|
|
|
|
|
by microtonal
1714 days ago
|
|
On AMD hardware, I don't understand why people avoid AMD's support, which is just a version of BLIS and libflame. A year ago, I benchmarked a transformer network with libtorch linked against various BLAS libraries (numbers are in sentences per second, MKL with CPU detection override on AMD, 4 threads): Ryzen 3700X - OpenBLAS: 83, BLIS: 69, AMD BLIS: 80, MKL: 119 Xeon Gold 6138 - OpenBLAS: 88, BLIS: 52, AMD BLIS: 59, MKL: 128 I guess people avoid AMD's support, because MKL is just much faster? AMD BLIS did add batch GEMM support since then.
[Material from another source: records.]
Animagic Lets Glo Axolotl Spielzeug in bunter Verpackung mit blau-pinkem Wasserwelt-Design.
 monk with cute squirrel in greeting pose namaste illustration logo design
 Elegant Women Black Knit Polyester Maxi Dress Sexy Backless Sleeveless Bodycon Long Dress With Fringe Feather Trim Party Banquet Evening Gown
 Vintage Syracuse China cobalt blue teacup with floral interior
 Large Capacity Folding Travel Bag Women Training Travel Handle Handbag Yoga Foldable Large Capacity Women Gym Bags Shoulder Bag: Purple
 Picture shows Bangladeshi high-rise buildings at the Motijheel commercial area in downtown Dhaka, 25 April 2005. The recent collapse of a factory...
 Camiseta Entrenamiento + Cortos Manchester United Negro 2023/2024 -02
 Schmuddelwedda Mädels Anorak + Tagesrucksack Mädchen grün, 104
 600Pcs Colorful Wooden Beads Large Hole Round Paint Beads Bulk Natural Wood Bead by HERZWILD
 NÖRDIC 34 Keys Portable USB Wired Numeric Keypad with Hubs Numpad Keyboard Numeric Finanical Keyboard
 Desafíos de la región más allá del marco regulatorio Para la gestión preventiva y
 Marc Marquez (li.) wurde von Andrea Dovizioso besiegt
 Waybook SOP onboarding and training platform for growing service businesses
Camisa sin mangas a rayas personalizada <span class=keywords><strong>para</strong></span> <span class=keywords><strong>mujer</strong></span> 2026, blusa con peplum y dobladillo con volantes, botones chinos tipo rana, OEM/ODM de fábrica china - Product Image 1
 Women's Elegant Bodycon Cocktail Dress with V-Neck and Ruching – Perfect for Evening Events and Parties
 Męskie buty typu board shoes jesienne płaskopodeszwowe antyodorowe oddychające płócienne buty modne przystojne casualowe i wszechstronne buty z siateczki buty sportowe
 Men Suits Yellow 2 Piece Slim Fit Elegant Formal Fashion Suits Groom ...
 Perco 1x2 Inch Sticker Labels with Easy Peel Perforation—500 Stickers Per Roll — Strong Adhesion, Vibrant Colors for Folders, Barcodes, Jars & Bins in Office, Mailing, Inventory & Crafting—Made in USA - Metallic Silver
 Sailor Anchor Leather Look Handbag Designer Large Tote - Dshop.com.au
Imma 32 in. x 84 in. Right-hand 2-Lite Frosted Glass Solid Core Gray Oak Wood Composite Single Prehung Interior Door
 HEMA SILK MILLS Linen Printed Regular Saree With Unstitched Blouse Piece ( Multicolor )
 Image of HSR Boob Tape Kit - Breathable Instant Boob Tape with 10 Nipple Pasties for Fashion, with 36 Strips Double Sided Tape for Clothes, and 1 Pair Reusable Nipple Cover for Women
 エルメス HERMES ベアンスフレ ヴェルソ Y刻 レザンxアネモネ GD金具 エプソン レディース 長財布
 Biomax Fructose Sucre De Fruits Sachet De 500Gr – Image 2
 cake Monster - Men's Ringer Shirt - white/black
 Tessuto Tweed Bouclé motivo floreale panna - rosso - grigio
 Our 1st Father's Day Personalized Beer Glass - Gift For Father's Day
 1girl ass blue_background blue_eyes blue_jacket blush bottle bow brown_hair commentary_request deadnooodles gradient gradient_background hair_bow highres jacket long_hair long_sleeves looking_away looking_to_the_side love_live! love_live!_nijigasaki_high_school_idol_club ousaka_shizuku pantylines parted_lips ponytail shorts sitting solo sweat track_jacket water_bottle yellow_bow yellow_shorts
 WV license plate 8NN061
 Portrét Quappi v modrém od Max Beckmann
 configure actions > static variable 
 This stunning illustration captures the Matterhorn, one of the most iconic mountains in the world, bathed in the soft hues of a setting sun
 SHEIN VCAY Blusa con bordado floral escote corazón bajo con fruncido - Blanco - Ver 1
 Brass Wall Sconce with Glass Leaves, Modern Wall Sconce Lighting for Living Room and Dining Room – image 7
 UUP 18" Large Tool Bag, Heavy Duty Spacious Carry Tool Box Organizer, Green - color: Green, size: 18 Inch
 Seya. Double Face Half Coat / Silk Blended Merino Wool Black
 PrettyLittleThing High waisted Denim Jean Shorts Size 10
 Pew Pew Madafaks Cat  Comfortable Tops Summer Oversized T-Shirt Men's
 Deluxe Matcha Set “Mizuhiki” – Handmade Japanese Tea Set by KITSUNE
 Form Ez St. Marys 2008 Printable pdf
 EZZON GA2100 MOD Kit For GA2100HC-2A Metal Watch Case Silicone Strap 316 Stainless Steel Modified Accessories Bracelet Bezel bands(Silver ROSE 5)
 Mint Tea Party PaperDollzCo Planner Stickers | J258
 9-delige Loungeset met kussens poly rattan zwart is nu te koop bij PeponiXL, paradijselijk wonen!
Didn't have time to try that out yet. |
|
We don't know what that example was actually measuring, except apparently not the same thing for BLIS and MKL. On the basis of only that, it's not reasonable to say "just so much faster", in particular for what I care about. I have Zen2 measurements (unfortunately only in a VM) using the BLIS test/3 framework. MKL came out nearly as fast as vanilla BLIS 0.7 and OpenBLAS on serial DGEMM, less so on the rest of D level 3, and nowhere close with S, C, and Z. Similarly for one- and two-socket OpenMP. At least in that "2021" version of MKL, there's only a Zen DGEMM kernel.